Federal census figures reveal that during the Collins years as Commissioner the population of Yukon increased some 20 percent (from 12,190 in 1956 to 14,628 in 1961) and the population of the capital city, Whitehorse, nearly doubled (from 2,570 to 5,031).

These years brought substantial improvements in the territory's infrastructure. A dam and hydro-electric reservoir were constructed near Whitehorse and new all-weather bridges over the Yukon, Pelly, and Stewart rivers replaced ferries, providing year-round surface access via highway between Whitehorse, Mayo, and Dawson. Completing the process of moving the Yukon capital from Dawson to Whitehorse, a new Commissioner's residence was built there and the Riverdale residential subdivision was developed in 1958, attracting scores of government employees.

Important advances also came in social services and education. The most visible legacy of Collins and his tenure as Yukon Commissioner is the F. H. Collins Secondary School in Whitehorse. Ex-Commissioner Collins was present for the ceremonial opening of the school on 11 January 1963 According to the school's website, "during his term in office, (Collins) initiated several changes in the field of education and much improved the standards of the system." In 2016, a new Whitehorse secondary school also named in honor of F.H. Collins opened. It replaced the structure carrying his name which had first opened its doors to students in 1963.

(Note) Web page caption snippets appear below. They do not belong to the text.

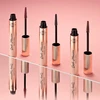 Bellamianta - Blakstienų tušas „Lash Illusion“ - Ruda - 12 ml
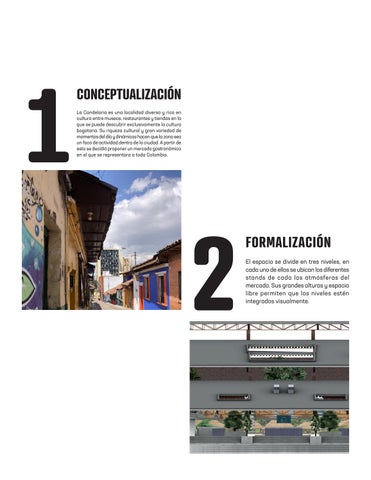 Sobremesa 第 2 页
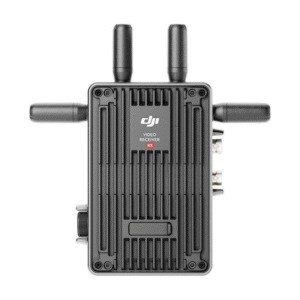 DJI Video Receiver "CP.RN.00000319.03"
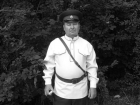 На 84-м году из жизни ушел известный волгодонец, летописец Красного Яра Иван Шеремета 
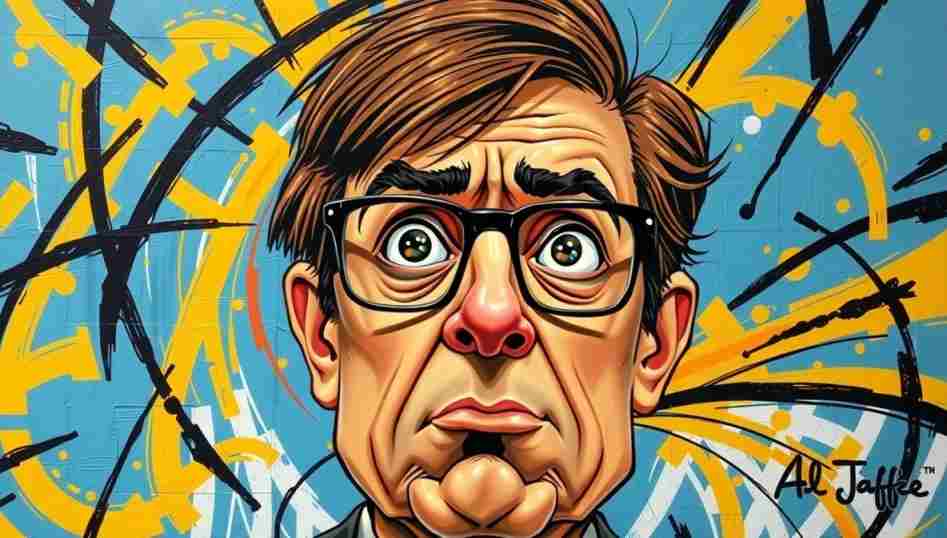 Alexandria Ocasio-Cortez’s Climate Barbie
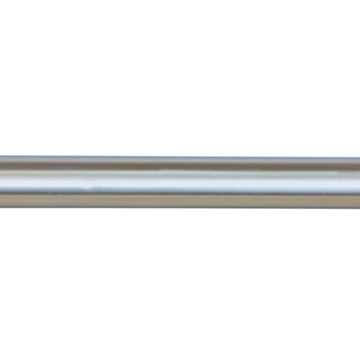 ACERO BRUSHED NICKEL STANDARD 4 POLE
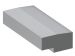 Input Shaft Key - Gearbox - Trimax Specification [405-425-961]
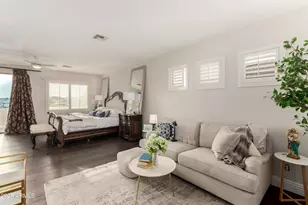 32002 N 19th Ln, Phoenix, AZ 85085 - Photo 21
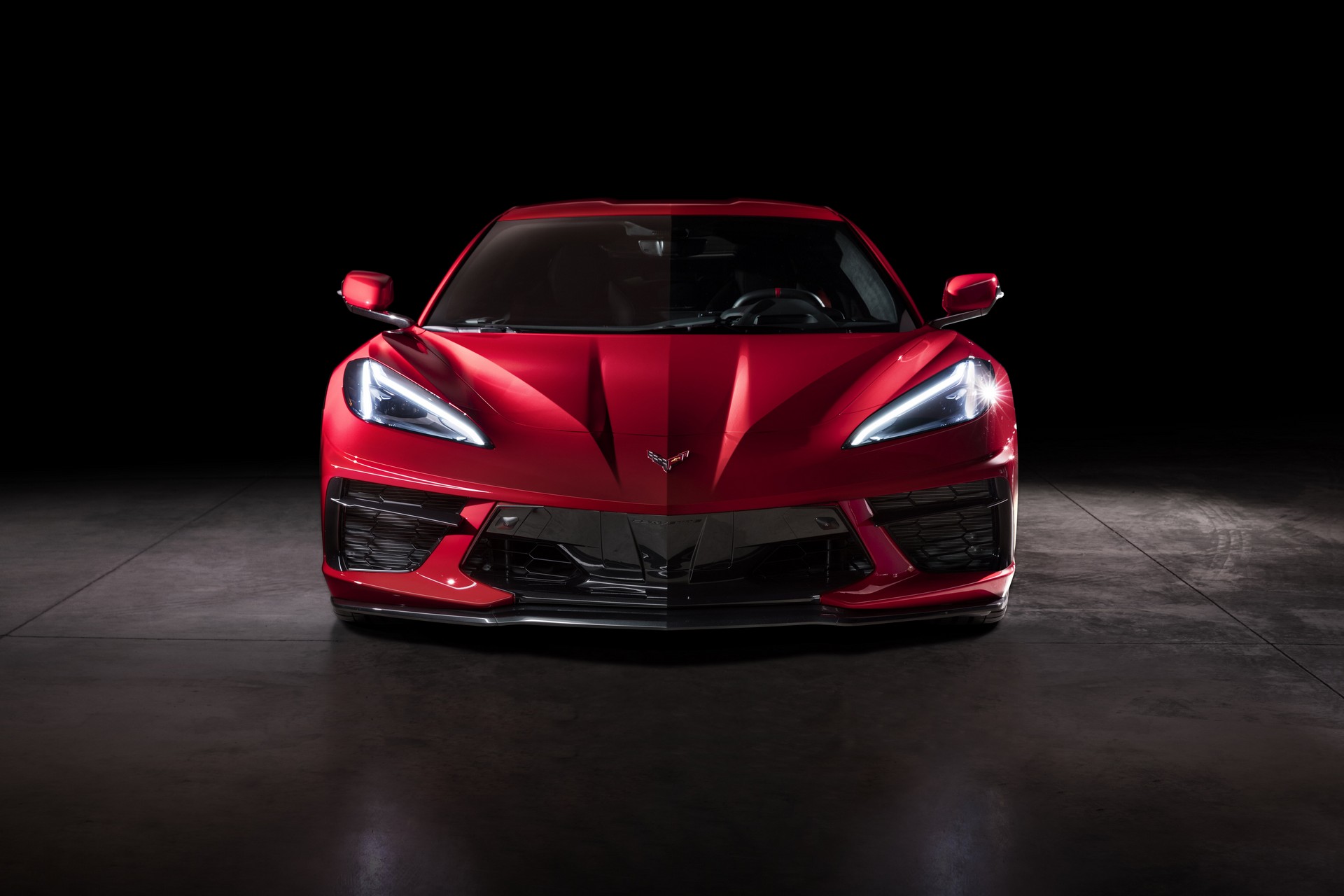 690b2430-2020-corvette-c8-stingray-41.jpg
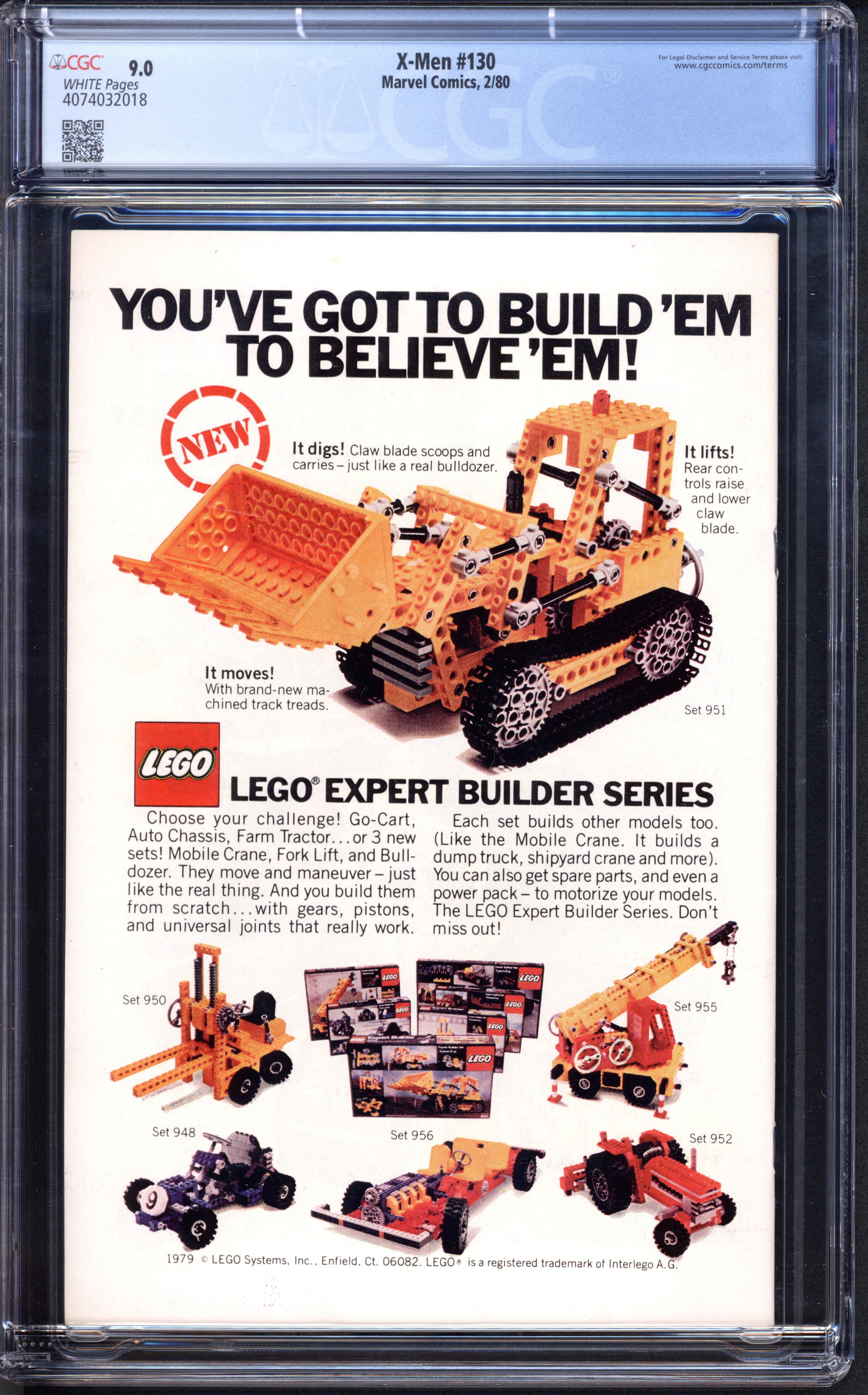 VIM_grade_cgc-9-0-4074032018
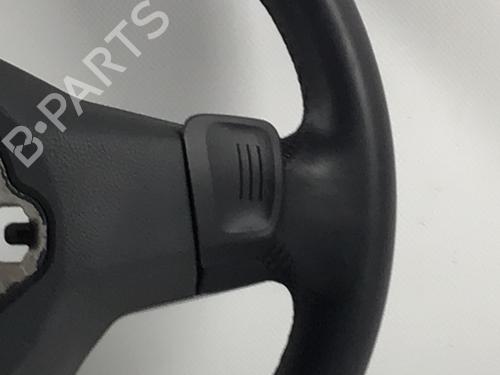 Steering wheel VW PASSAT B8 (3G2, CB2) 2.0 TDI | BP36244328C49 - Image 12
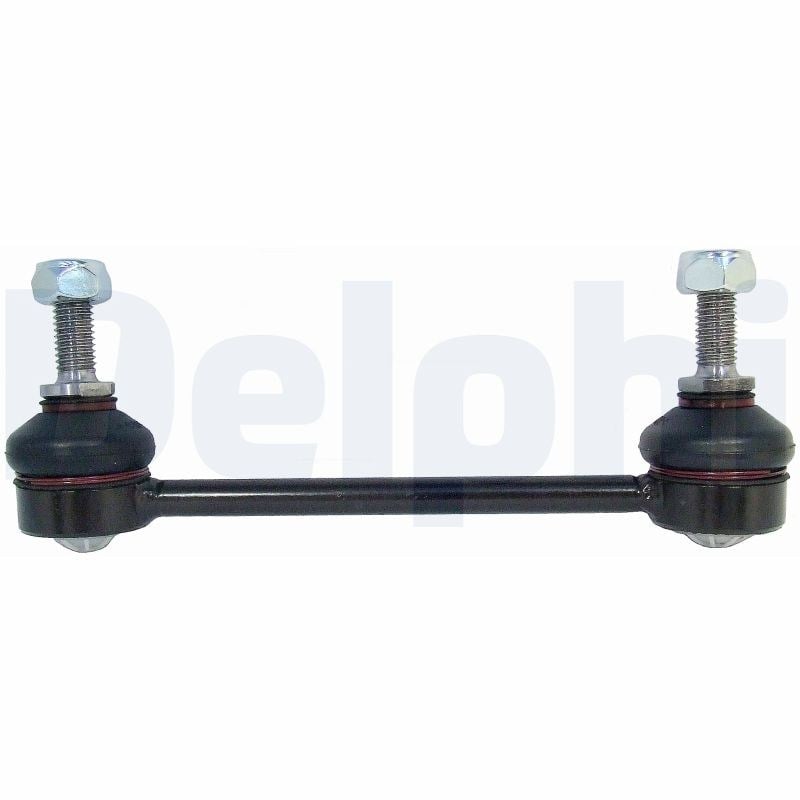 Z ROT ARKA SOL SAĞ RENAULT VEL SATIS 2.0 TURBO 05=>, 2.0 16V 02=>, 3.5 04=>, 2.0 DCI 05=>, 2.2 DCI 02=>, ESPACE IV 
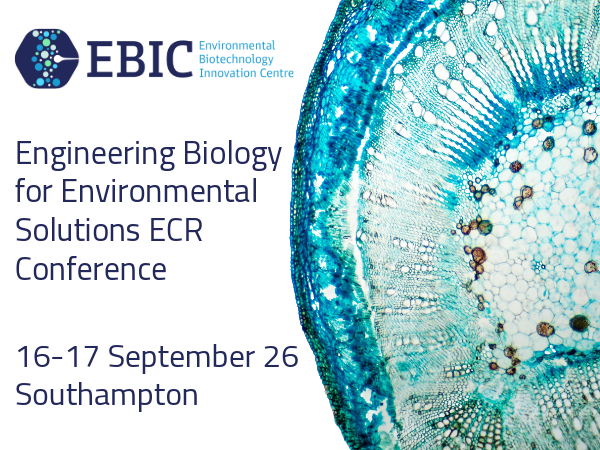 Website-News-Images-4 EBIC ECR Conference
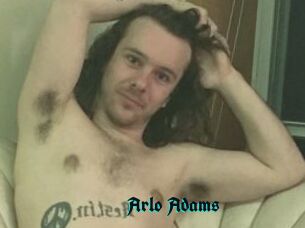 Arlo_Adams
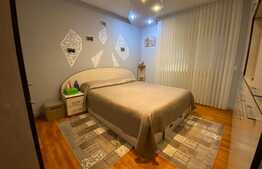 Apartament 3 camere, 2 bai, 74mp, zona George Enescu 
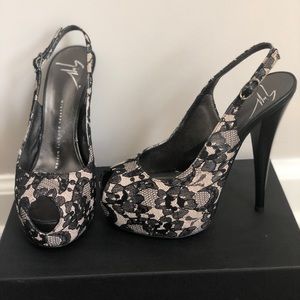 Giuseppe Zanotti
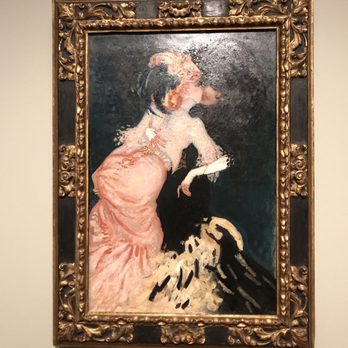 Van Gogh Museum - Museums Near Me - Amsterdam, New Hampshire Van Gogh Museum - Museums Near Me - Amsterdam, New Hampshire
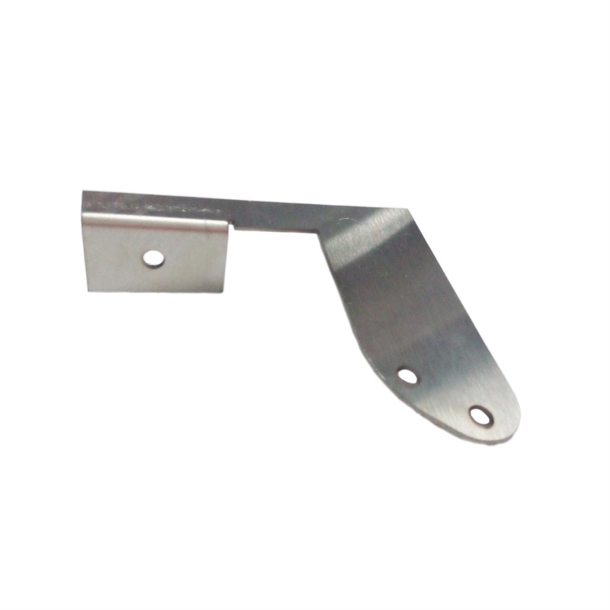 Thor Flame Device System Bracket Thor Flame Device System Bracket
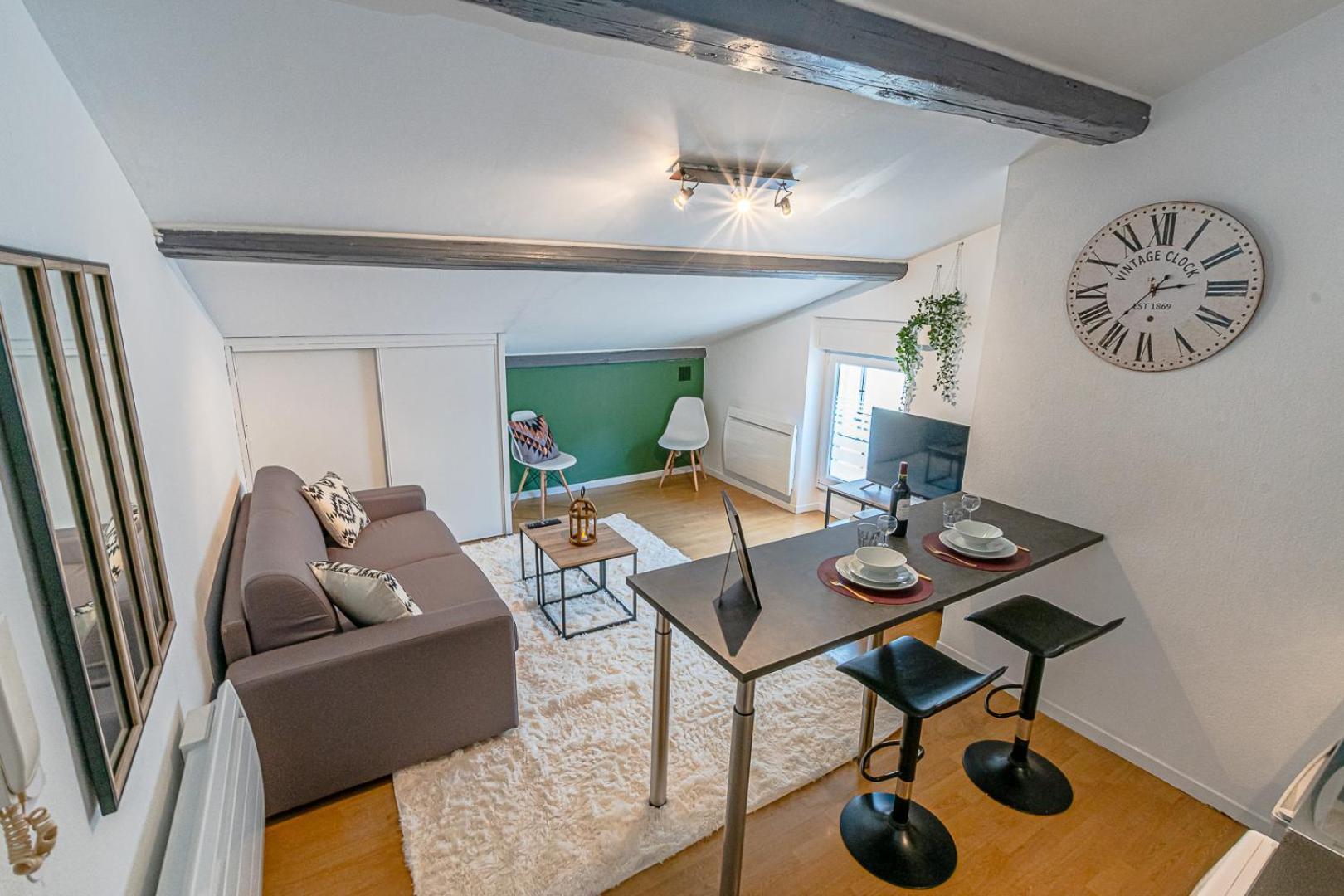 Matcha Home Hayange Zewnętrze zdjęcie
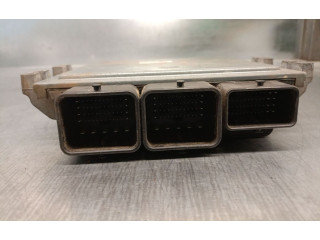 Řídící jednotka EB3G12A650HE Ford Ranger 2016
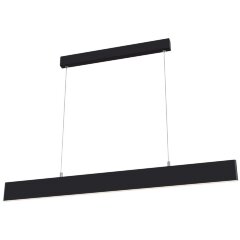 Подвесной светильник Step P010PL-L30B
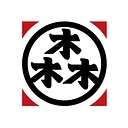 The J. Morey Company, Inc. logo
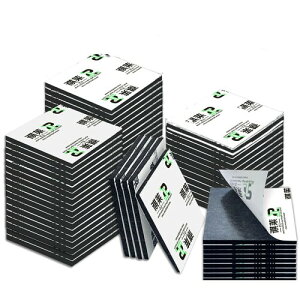 WANDEHO ʃe[v  ͗ʃe[v }WbNe[v Sx z ⏕ V[g \ ʐڒ V[  hCuR[_[ X}zz_[ p OpTCYF40mm×40mm e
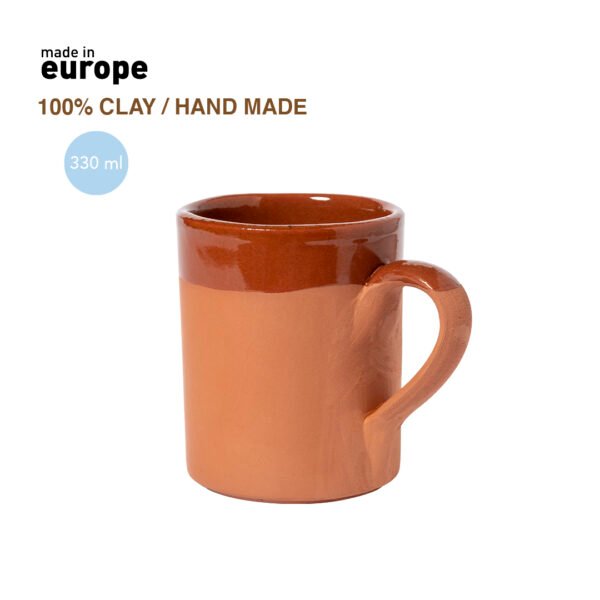 Taza Sintax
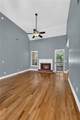 4149 Alayna Lee Circle - Photo 16
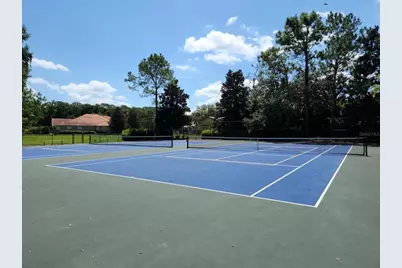 262 Osprey Hammock Trail, Sanford, FL 32771 - Photo 20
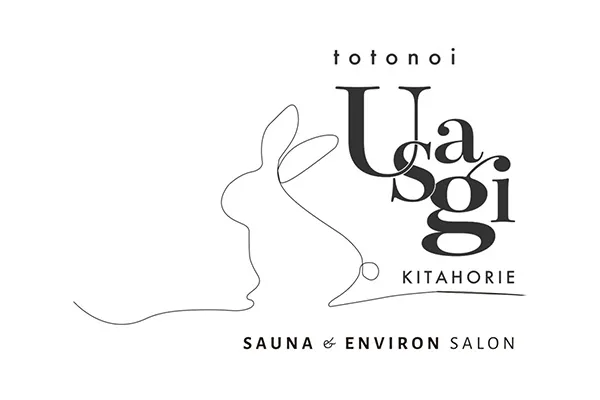 株式会社STOY totonoi USAGI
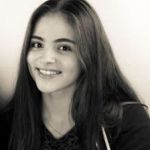 afbeelding van LouiseTriana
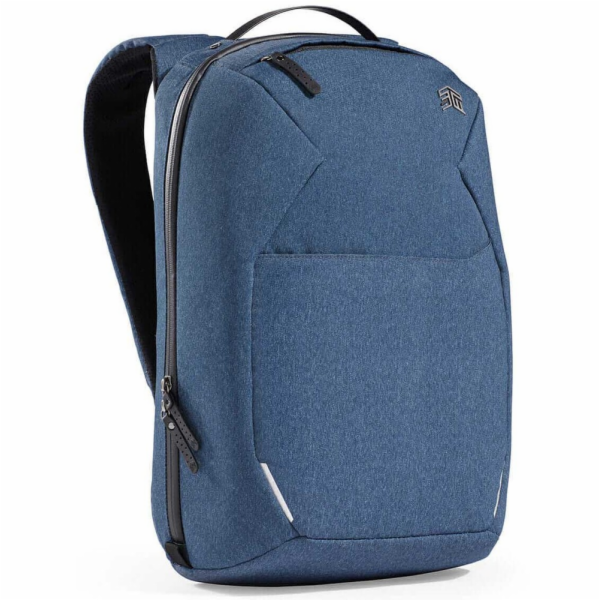 STM Myth Pack batoh 18L (15-16  ), Slate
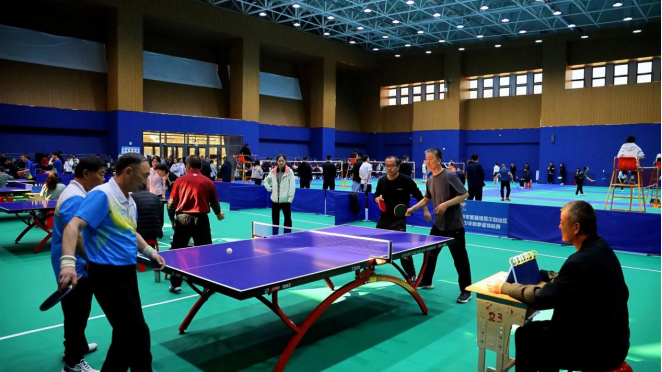 在信息爆炸 在信息爆炸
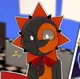 Eclipse -EAPS-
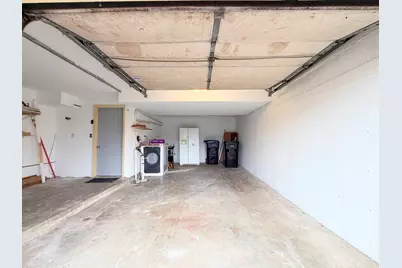 8907 Shady Lane, Wonder Lake, IL 60097 - Photo 14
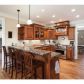 474 Pensdale Road, Decatur, GA 30030 ID:7289146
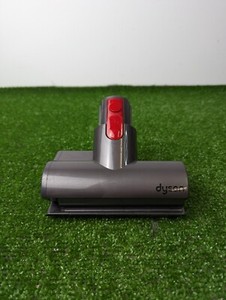 Original Dyson 158685 Mini Motorbürstenkopf für V7 V8 V10 V11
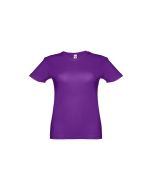 {{product.name}} - {{product.manufacturer}} - {{product.sku}}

That is not to say that the benefits of educational policies and funding were distributed equitably or without regard to ethnicity. They were not, in the Yukon or elsewhere in the nation. Though it is now extinct and regarded as a historical shame, the then-prevailing system for the education of "native" (First Nations) children across Canada separated them from family and familiar culture and boarded them in federally-funded but denominationally-run "Indian residential schools." In the Yukon specifically, Baptists operated a residential school in Whitehorse during the years Collins served as Commissioner. Another, in Carcross, was run by the Anglican Church

During the Collins tenure as Commissioner, plans were made for the launch of post-secondary teaching and learning in the territory. As a result, in 1963 the Vocational and Technical Training Centre opened in Whitehorse, soon followed by satellite branches in other Yukon communities. Building upon the development of its Yukon Vocational and Technical Training Centre precursor, Yukon College opened in 1983. Plans for the transition of Yukon College to university status have been legislatively-approved and are being implemented. Now bearing the name Yukon University, this institution has become the first in any of Canada's three northern territories to carry official university status.

Collins retired to St. Catharines, Ontario. He died there in 1988.